• **YOUR TASK**
The reply should hold only the lines from the one with "Citron Santa Monica" to the one with "A beautiful, mature, plus-sized", both ends kept, exactly as they appear below, without any pictures.

• **RECORD EXCERPTS**

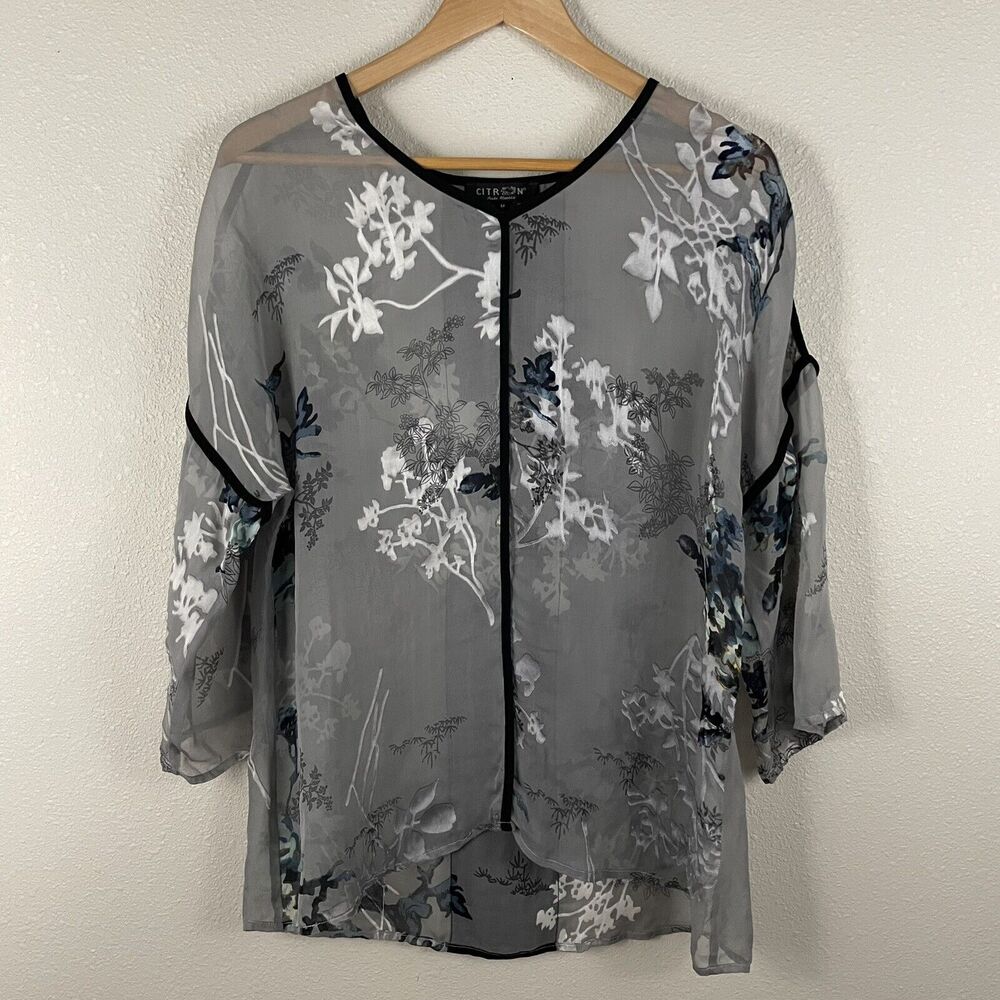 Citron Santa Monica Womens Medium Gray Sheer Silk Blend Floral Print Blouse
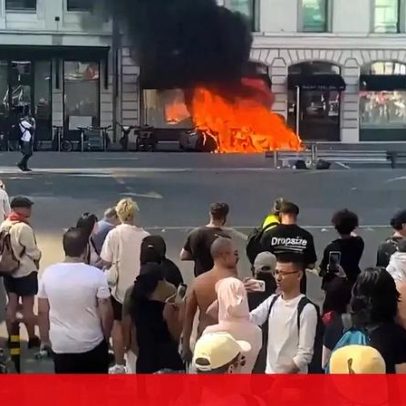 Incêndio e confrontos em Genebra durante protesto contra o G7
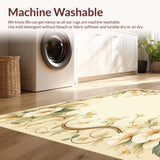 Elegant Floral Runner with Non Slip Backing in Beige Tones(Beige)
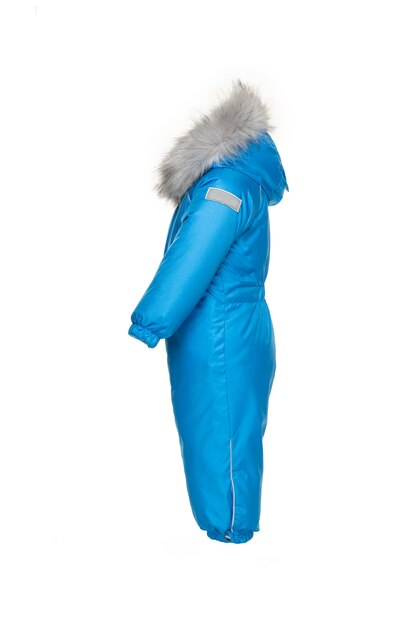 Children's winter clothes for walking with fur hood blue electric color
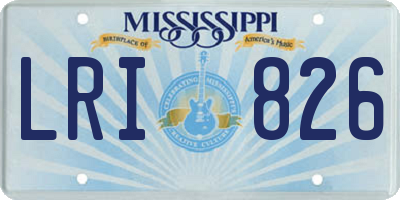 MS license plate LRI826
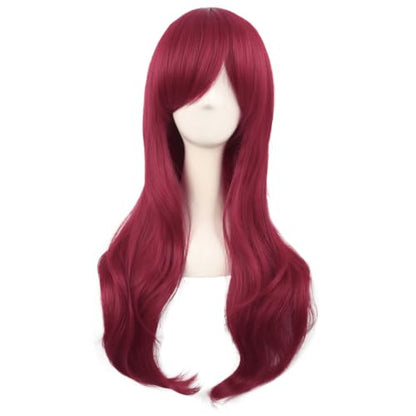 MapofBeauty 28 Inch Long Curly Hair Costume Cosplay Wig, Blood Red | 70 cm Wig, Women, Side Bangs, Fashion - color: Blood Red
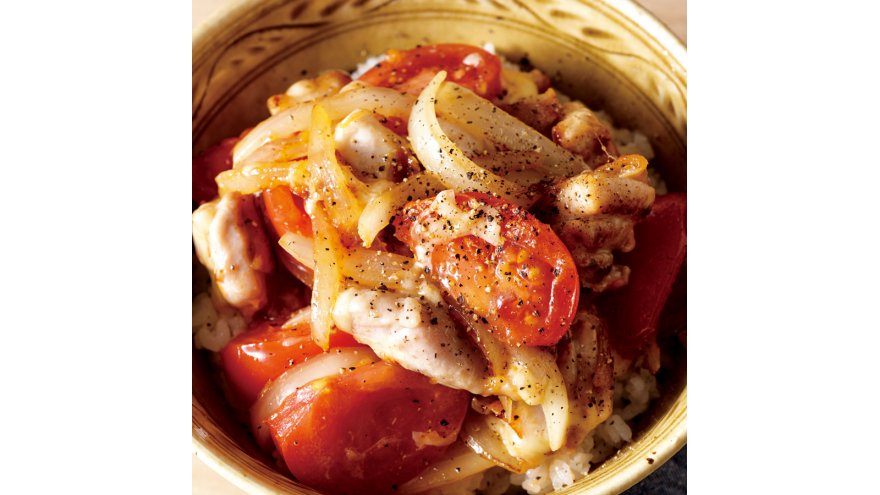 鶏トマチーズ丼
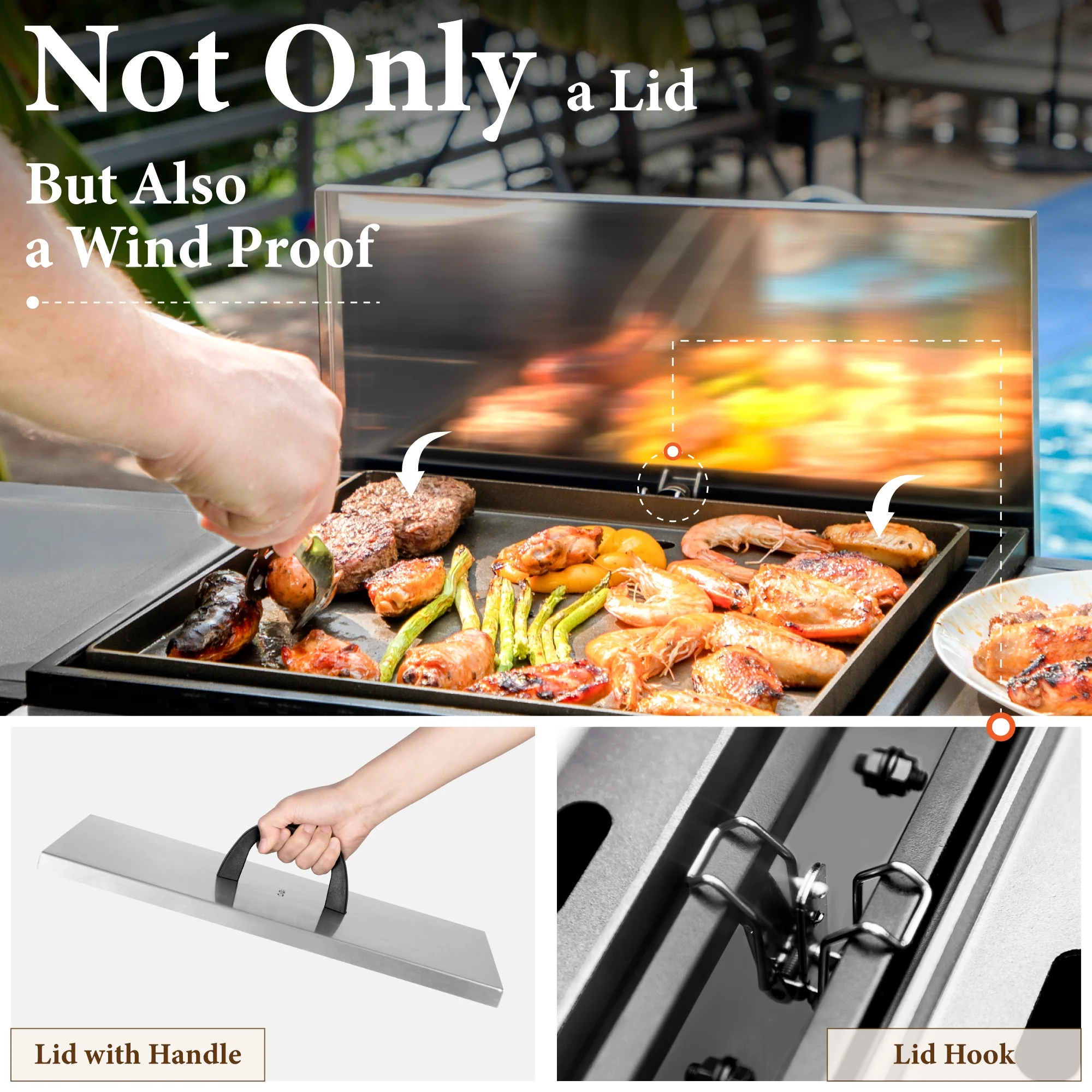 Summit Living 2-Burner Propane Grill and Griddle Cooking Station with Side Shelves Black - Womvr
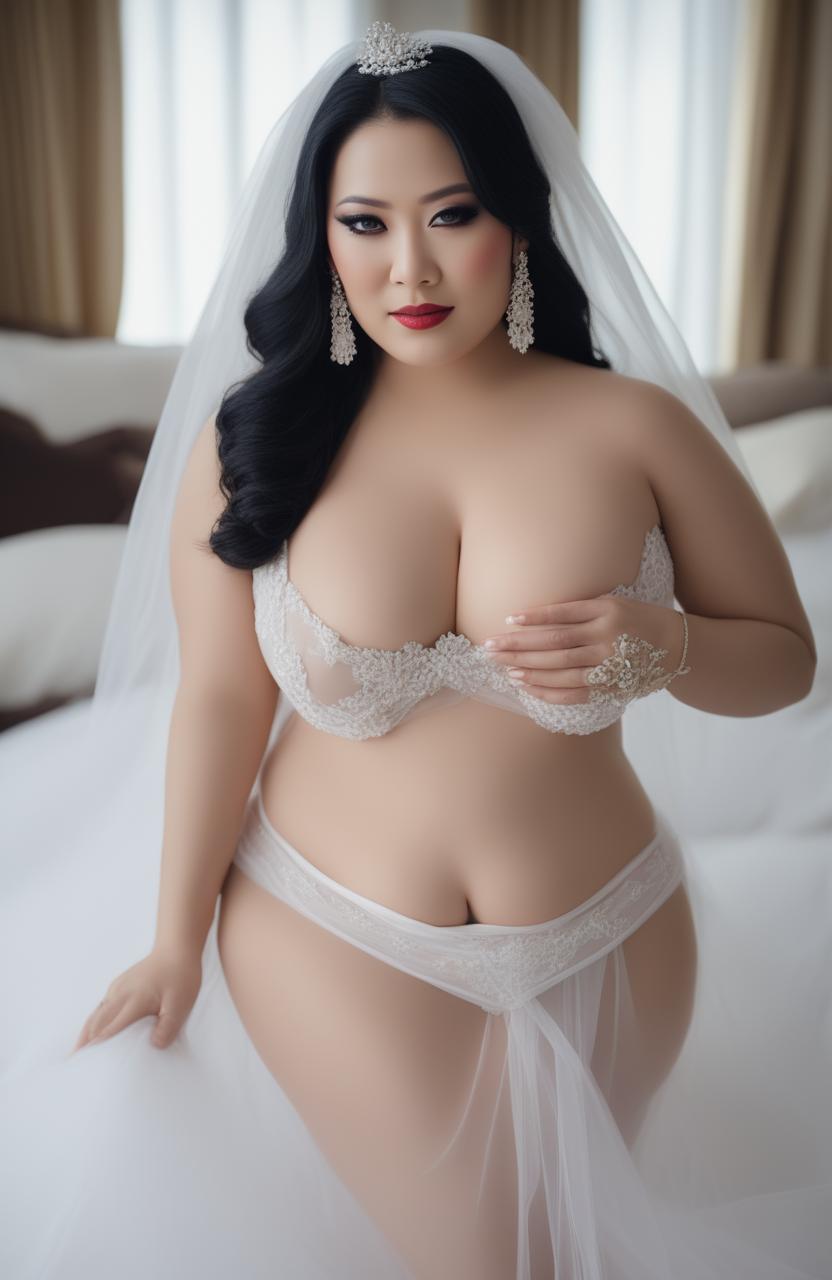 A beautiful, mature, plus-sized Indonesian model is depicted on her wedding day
---
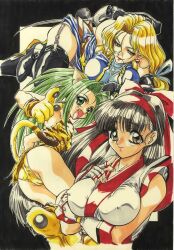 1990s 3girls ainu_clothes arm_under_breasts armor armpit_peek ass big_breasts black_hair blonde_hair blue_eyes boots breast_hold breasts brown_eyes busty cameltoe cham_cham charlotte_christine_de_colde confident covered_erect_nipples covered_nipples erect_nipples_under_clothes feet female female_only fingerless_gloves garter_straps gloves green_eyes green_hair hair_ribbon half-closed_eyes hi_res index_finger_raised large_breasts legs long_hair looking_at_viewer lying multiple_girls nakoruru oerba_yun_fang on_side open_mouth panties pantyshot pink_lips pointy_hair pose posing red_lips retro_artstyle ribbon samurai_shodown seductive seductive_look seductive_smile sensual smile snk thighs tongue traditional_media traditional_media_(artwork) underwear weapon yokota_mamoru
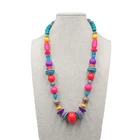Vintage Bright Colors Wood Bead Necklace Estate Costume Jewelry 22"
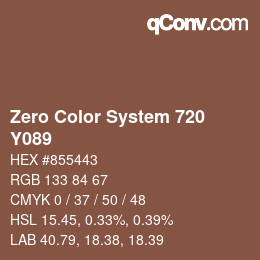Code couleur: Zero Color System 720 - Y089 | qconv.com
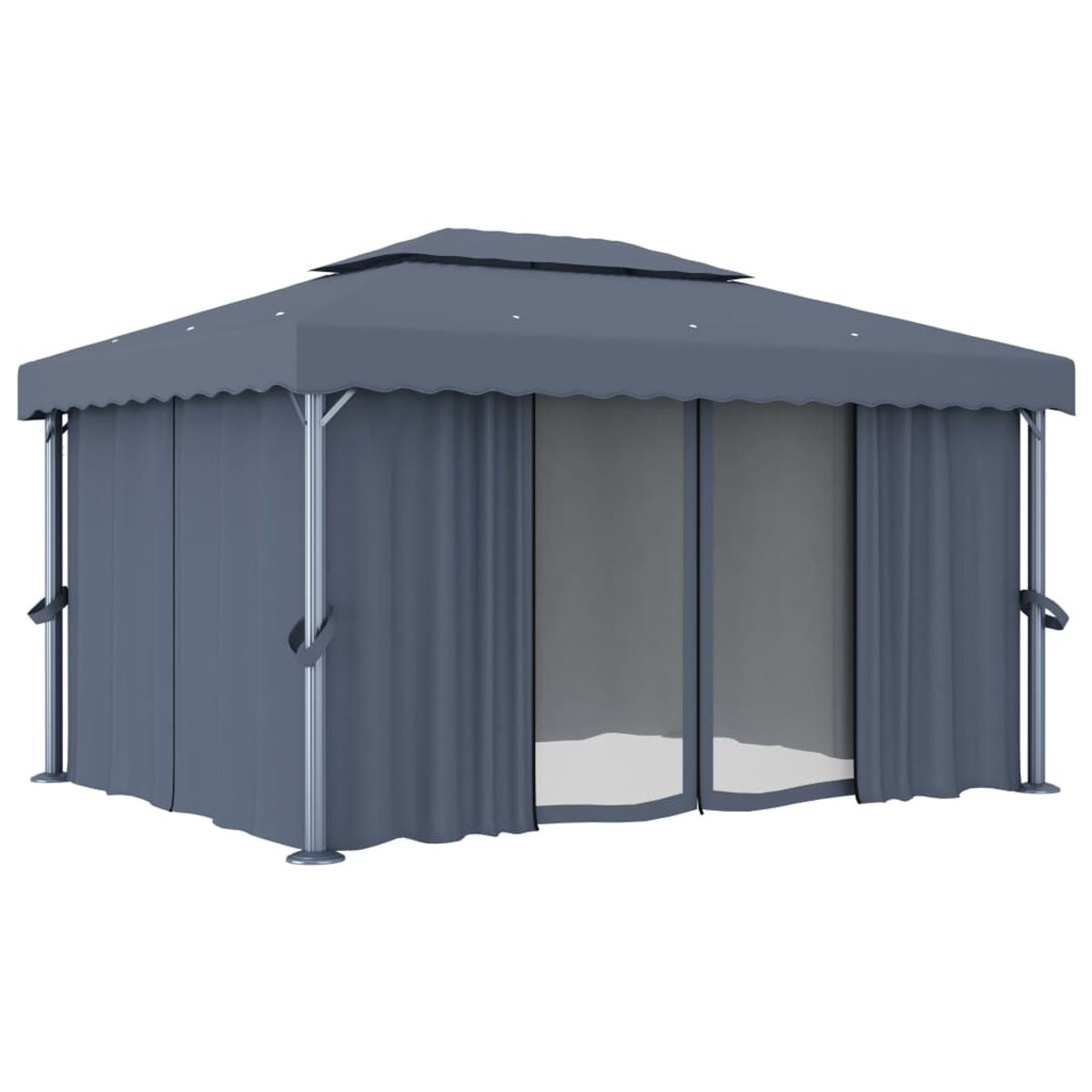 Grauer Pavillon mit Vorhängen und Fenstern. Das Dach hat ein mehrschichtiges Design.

• **REPLY**
 Citron Santa Monica Womens Medium Gray Sheer Silk Blend Floral Print Blouse
 Incêndio e confrontos em Genebra durante protesto contra o G7
 Elegant Floral Runner with Non Slip Backing in Beige Tones(Beige)
 Children's winter clothes for walking with fur hood blue electric color
 MS license plate LRI826
 MapofBeauty 28 Inch Long Curly Hair Costume Cosplay Wig, Blood Red | 70 cm Wig, Women, Side Bangs, Fashion - color: Blood Red
 鶏トマチーズ丼
 Summit Living 2-Burner Propane Grill and Griddle Cooking Station with Side Shelves Black - Womvr
 A beautiful, mature, plus-sized Indonesian model is depicted on her wedding day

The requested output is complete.